====== Records supplied ======
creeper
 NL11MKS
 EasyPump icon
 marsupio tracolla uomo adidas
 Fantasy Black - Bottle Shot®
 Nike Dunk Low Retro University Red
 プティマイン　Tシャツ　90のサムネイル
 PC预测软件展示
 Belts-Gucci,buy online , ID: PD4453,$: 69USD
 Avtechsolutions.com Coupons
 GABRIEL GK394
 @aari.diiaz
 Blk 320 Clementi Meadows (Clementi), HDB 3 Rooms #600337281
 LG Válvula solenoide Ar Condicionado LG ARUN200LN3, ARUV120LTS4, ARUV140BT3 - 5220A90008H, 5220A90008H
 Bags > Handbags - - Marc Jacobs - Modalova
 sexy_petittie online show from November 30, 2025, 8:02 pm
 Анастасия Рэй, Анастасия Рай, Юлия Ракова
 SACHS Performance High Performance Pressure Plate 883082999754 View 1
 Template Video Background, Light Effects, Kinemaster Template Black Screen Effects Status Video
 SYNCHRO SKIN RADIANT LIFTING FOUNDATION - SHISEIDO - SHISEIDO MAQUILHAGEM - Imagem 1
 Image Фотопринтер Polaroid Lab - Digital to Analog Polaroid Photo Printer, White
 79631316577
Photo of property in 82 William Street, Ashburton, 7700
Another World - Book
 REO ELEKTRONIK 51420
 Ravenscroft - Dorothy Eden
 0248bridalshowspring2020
======
Print the lines of the material, exactly and only, from the line that contains "Template Video Background, Light" down to and including the final line.

 Template Video Background, Light Effects, Kinemaster Template Black Screen Effects Status Video
 SYNCHRO SKIN RADIANT LIFTING FOUNDATION - SHISEIDO - SHISEIDO MAQUILHAGEM - Imagem 1
 Image Фотопринтер Polaroid Lab - Digital to Analog Polaroid Photo Printer, White
 79631316577
Photo of property in 82 William Street, Ashburton, 7700
Another World - Book
 REO ELEKTRONIK 51420
 Ravenscroft - Dorothy Eden
 0248bridalshowspring2020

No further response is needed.